Last week, The Economist's Intelligence Unit (EIU) ranked the Austrian capital, Vienna, the most "liveable" city on the planet. I have lived in Vienna for seven and a half years. On hearing this news, I felt a little confused, as I do on every occasion when Vienna receives such accolades. (The city has ranked first in Mercer's Quality of Living ranking for nine consecutive years).
The Global Liveability Index is a ranking system that covers aspects of infrastructure: healthcare, education, stability and safety, and culture and environment. It takes into account publicly available statistics, as well as assessments by the newspaper’s correspondents and “in-country experts”. According to the EIU, the liveability rating “quantifies the challenges that might be presented to an individual’s lifestyle in any given location”. Vienna got close to a perfect score.
I can testify to the wonders of the city I call my home having public services and public transport that are as close to perfect as humanly possible, and being so safe that I can walk home alone at night from anywhere in the city. It takes me less than 15 minutes to cycle to work every day, along well-marked cycle paths past beautifully maintained historic buildings. Depending on the season, there are festivals of music, theatre, food, art, dance, cinema and literature. In summer we swim in the Danube, and in winter we ice-skate in front of the City Hall. Sometimes, it feels like a sort of futuristic utopia of urban life.
Immigrants
Yet, like many of my friends here, Austrian and foreign, I feel ambivalent, because almost every time I visit any city other than Vienna, I am overwhelmed by how friendly people are in their day-to-day interactions. It seems that the criteria included in these indices do not capture environmental qualities that are more relevant for mental than for physical health: kindness, friendliness, patience, flexibility, and other less tangible aspects of general well-being. Is this just splitting hairs? Or is it a fundamental human need that is overlooked when we focus only on numerical data and assessments of urban infrastructure?

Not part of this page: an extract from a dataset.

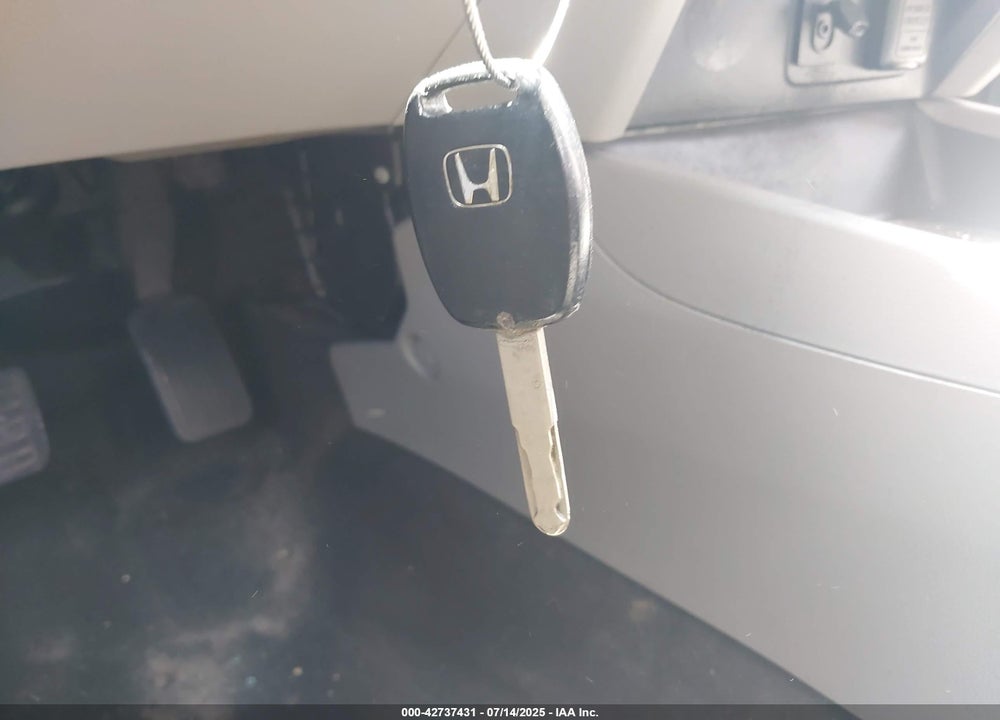 2012 HONDA CIVIC VIN: 19XFB2F53CE070137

The city has a population of almost 1.9 million. Is Vienna equally “liveable” for all its residents? More than one-third of my fellow Viennese were born abroad, and 29 per cent are not Austrian citizens. A further 10 per cent are Austrians with at least one foreign parent. So just a little more than half of the population of the city actually consists of Austrians with only Austrian parents. The rest of us are from other EU (16 per cent) and non-EU (23 per cent) countries, particularly Serbia, Turkey and Germany.
Among my circle of friends, Austrians and foreigners who are Muslim and/or have darker skin do not generally experience the city as particularly “liveable”. It is part of their daily life in Vienna to be subject to racial slurs and Islamophobic comments, restrictions on access to services, feeling unsafe and being harassed by the police.

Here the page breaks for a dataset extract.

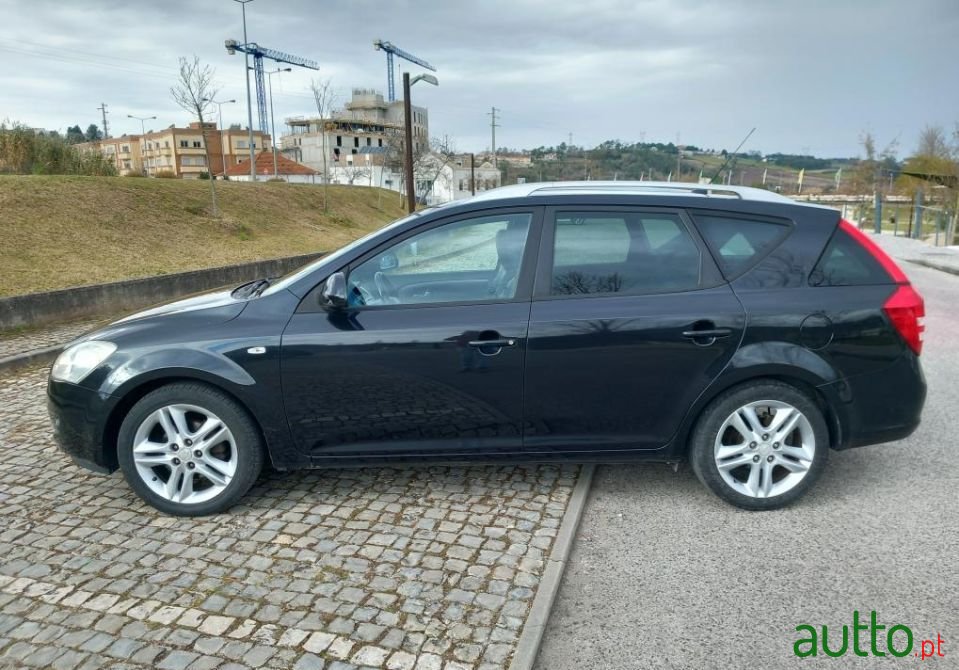 2008' Kia Ceed Sw photo #4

In 2014, the Migrant Integration Policy Index rated Austria just 57th out of 100 on anti-discrimination and equality, and assessed that the country in general had a "high level of anti-immigrant sentiment". The anti-racism organisation ZARA recorded and analysed over 1,160 complaints of racist abuse and discrimination in Austria in 2017, from racist and Islamophobic posts on the internet and discrimination in access to goods and services, to racially-motivated attacks in public places. The majority of racist incidents took place in Vienna, many of them on public transport. Six per cent of all the racist incidents were perpetrated by members of the police and security forces. These statistics only cover incidents reported to the organisation.
Since I moved here in 2011, friends have told me about these experiences, and I have also witnessed them on a number of occasions while in the company of black or Muslim friends. However, the frequency and intensity of verbal abuse, harassment and violence has increased perceptibly since the new government came into power in December of last year (a coalition of the centre-right ÖVP and the far-right FPÖ).
Low crime
During 2015 and 2016, 134,000 foreign migrants from EU and non-EU countries moved to Vienna, around 25,000 of whom were asylum applicants - people from countries like Syria, Afghanistan, Iraq, Iran, Nigeria and Pakistan. Since then, the economy has been growing and unemployment is in steady decline. In spite of the continued growth of the city’s population, crimes in Vienna reached an all-time low in 2017. Indeed, Vienna pipped Melbourne to the post in the Liveability Index this year specifically because of an improvement in the city’s rating for stability and safety.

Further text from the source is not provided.